PROBLEM TO WORK ON ▸ Write the data out in full and word for word. Do not include images.

INFORMATION PROVIDED ▸
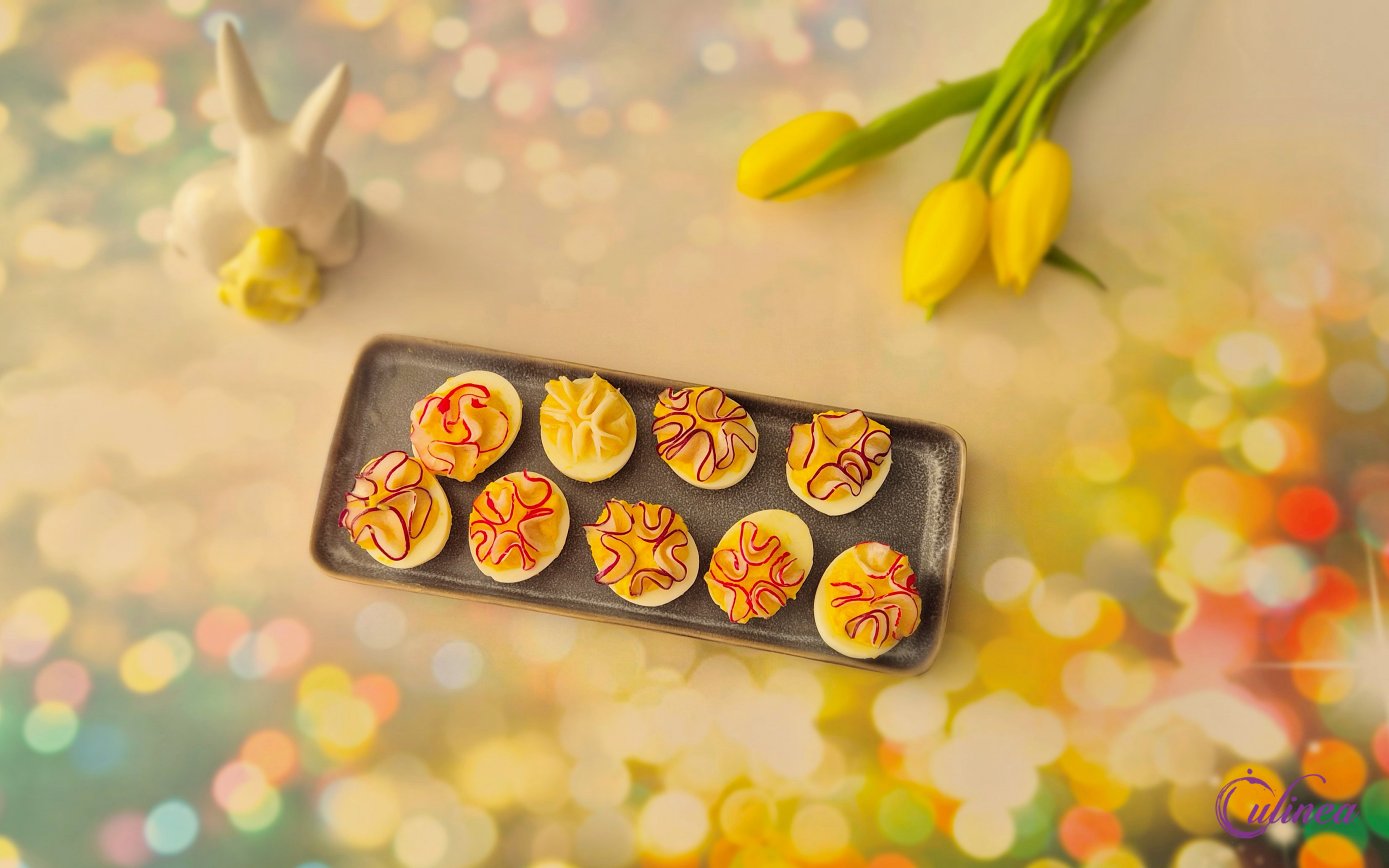 Gevulde Eieren met Radijsbloemetjes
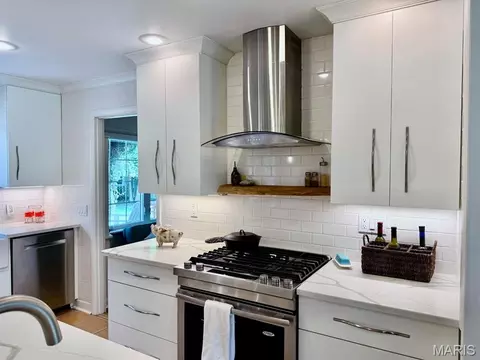 Kitchen - 908 W Bain St, Dexter, MO 63841 photo 4 of 6
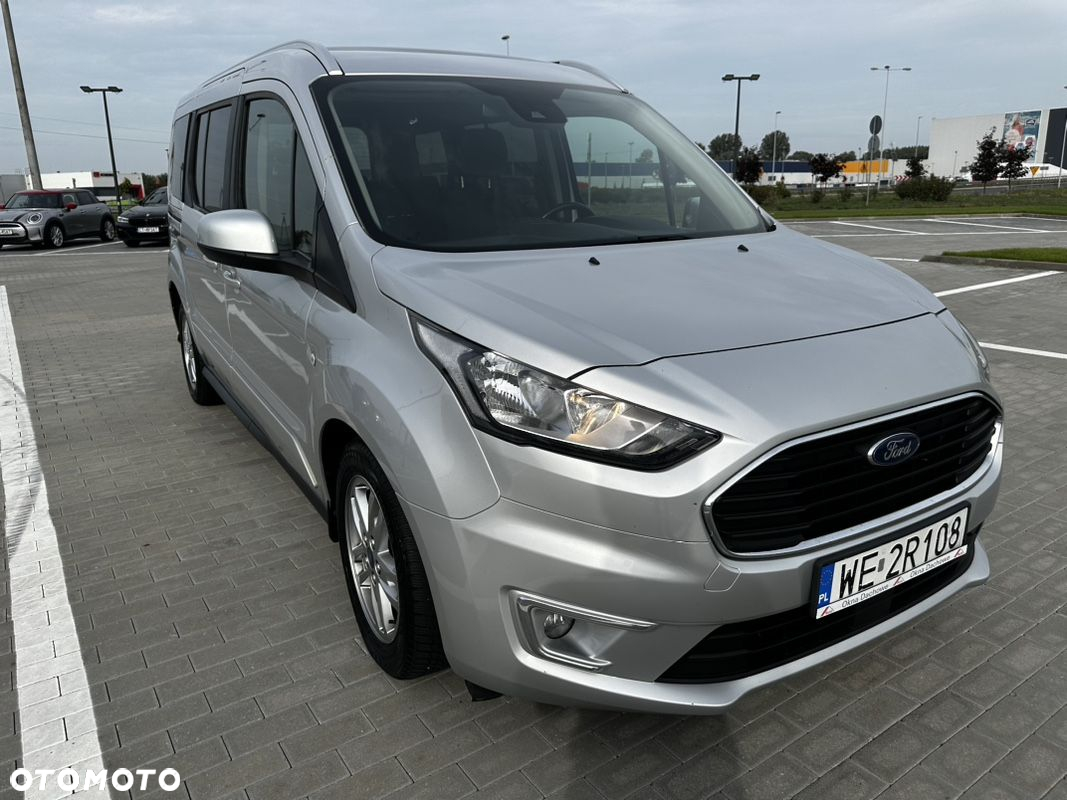 Ford Tourneo Connect Grand - 13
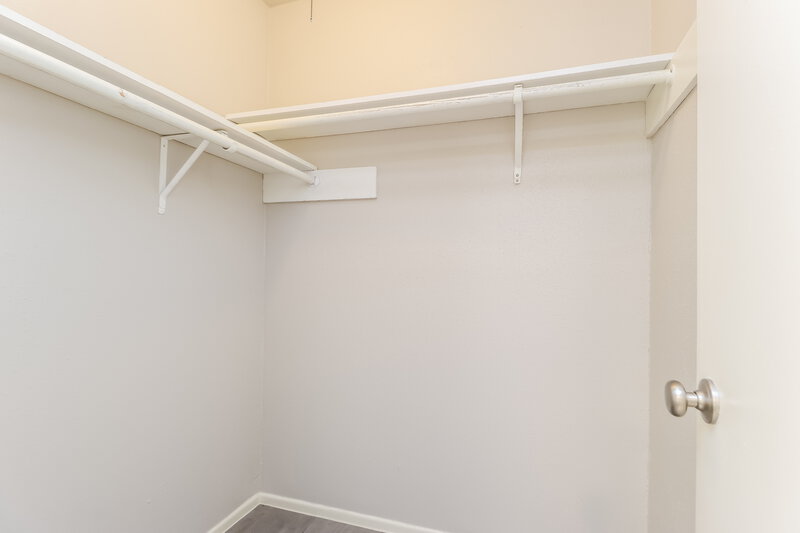 1,915/Mo, 4503 Tylergate Drive Spring, TX 77373 Walk In Closet View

SOLUTION TO THIS TASK ▸
 Gevulde Eieren met Radijsbloemetjes
 Kitchen - 908 W Bain St, Dexter, MO 63841 photo 4 of 6
 Ford Tourneo Connect Grand - 13
 1,915/Mo, 4503 Tylergate Drive Spring, TX 77373 Walk In Closet View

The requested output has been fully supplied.